Park stand is one I can no longer do without
pedal wrench in every vehicle and tool box.
...
Thanks!


----------



## SirMike1983 (Jul 28, 2013)

A high quality, adjustable wrench that opens wide for its size. I bought a Channel-Lock brand adjustable wrench about 10 years ago and have used it for every project since. Until then, I had been using junky hardware store type wrenches. THe CHannel Lock has thinner blades to get into small spots and its mouth opens wide enough to handle the largest size headsets I've encountered. The grub screw in it locks up tight. Adjustable wrenches often are written off as cheap, secondary tools, but once you have a high quality one that locks tight and opens wide, you just won't go back to the cheap stuff.

I'll also say it's really nice to have a high quality socket set. I use a set of Made in USA Craftsmans I got about 10 years ago when I got the adjustable wrench. They're dead solid and have given years of good service. They blow away the cheap, Chinese stuff any day.

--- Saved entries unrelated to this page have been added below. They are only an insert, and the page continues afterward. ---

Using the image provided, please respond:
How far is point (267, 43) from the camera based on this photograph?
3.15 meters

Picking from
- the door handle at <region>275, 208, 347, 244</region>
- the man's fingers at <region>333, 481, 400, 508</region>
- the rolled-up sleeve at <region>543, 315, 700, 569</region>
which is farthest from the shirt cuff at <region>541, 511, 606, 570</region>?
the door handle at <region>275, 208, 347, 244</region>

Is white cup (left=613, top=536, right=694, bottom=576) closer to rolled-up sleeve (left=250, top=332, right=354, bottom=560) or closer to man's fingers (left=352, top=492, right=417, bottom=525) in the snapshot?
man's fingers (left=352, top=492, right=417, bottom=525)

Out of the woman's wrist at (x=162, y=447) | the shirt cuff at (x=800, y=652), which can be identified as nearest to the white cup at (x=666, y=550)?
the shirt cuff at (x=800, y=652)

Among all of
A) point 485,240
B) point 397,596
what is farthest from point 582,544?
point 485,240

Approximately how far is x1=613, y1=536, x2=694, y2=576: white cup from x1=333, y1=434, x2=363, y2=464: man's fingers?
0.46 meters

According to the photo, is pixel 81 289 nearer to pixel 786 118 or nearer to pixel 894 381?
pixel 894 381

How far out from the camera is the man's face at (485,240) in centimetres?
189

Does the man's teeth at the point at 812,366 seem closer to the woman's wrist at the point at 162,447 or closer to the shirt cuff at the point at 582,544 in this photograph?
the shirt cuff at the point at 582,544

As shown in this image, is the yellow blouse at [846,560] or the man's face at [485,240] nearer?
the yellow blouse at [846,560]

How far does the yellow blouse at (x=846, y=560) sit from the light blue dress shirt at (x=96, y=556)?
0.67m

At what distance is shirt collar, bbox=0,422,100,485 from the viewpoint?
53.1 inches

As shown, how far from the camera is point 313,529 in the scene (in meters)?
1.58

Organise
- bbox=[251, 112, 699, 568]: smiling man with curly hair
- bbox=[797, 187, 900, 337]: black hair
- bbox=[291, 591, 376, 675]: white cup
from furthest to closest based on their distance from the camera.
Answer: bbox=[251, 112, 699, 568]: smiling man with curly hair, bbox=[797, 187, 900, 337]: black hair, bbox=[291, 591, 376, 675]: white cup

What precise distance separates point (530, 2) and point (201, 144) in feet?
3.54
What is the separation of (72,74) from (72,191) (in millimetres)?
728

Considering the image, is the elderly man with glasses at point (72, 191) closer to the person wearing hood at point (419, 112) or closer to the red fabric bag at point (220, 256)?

The CHannel Lock wrench was not USA, but made in Spain.

Quality on these is really important in dealing with 60+ year old screws and nuts that often get rounded off or buggered with cheap stuff.


----------



## rustjunkie (Jul 28, 2013)




----------



## fordmike65 (Jul 28, 2013)

Better swap out that hammer for something much bigger.


----------



## snirt54 (Jul 28, 2013)

Park cone wrench set
Park crank tap set
tweezers with square ends for ball bearings
axle vise with lead jaws
spoke threading tool


----------



## bike (Sep 8, 2013)

*more input*

please!!!!!!!!!


----------



## dougfisk (Sep 8, 2013)

Set of nylon tire levers.

Quick stick type tire changer tool.

Quality high capacity tire pump with integral gauge.

Park master link pliers


----------



## scrubbinrims (Sep 8, 2013)

Things that have made my bicycle tinkering much easier...
A vintage chain breaker able to pop a single pin out of a skiptooth chain.
Vintage mechanics toolboxes for salvaging and organizing every nut and bolt along with misc things
Vice for straightening fender braces, etc...
My motor with a soft wire wheel for removing oxidation from hardware and rims
Fender roller
Fork straightener/bender
Chris


----------



## Andrew Gorman (Sep 9, 2013)

Cone wrenches
Cotter press
A good truing stand
And as mentioned previously, a decent workstand.


----------



## GiovanniLiCalsi (Sep 9, 2013)

This is one of the most persausive tools in my shop.
I soak the parts in RustBlast then use my oxy/acetylene torch to heat the parts.
This works on the most stubborn fasteners.


----------



## Iverider (Sep 21, 2013)

I like a good quality forged bicycle wrench for everyday wrenching on non corroded bikes. They clamp well and get into tight spaces better than a modern adjustable wrench. The handles are also short enough to prevent doing stupid stuff like ballooning a fork steerer.


----------